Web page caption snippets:
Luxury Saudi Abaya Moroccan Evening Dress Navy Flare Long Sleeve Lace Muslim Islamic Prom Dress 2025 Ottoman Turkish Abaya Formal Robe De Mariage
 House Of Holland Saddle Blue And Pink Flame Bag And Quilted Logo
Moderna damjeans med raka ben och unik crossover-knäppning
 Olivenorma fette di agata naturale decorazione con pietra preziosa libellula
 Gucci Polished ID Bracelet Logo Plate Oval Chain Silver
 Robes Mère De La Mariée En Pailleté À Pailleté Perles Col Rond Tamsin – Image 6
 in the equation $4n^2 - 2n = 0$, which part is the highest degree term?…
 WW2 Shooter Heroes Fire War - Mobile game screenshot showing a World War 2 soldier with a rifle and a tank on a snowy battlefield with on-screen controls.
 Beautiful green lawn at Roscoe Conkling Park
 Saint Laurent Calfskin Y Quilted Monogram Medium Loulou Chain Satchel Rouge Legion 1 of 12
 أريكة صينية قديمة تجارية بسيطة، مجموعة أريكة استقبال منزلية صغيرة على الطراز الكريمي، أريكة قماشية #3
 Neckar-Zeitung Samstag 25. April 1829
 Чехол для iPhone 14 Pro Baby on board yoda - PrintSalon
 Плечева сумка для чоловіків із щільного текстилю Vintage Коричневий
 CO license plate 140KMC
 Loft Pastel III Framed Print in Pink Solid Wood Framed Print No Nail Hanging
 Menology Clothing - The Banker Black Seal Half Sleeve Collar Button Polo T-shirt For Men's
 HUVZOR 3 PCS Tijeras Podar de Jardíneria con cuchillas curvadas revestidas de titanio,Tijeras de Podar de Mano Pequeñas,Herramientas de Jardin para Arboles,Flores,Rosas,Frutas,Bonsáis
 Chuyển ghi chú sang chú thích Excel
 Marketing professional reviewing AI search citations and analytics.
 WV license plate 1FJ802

*Your instructions*. Above are some records; copy exactly the lines from the one with "Saint Laurent Calfskin" through the one with "Neckar-Zeitung Samstag 25. April 1829", both included, and no others.

*Answer*.
 Saint Laurent Calfskin Y Quilted Monogram Medium Loulou Chain Satchel Rouge Legion 1 of 12
 أريكة صينية قديمة تجارية بسيطة، مجموعة أريكة استقبال منزلية صغيرة على الطراز الكريمي، أريكة قماشية #3
 Neckar-Zeitung Samstag 25. April 1829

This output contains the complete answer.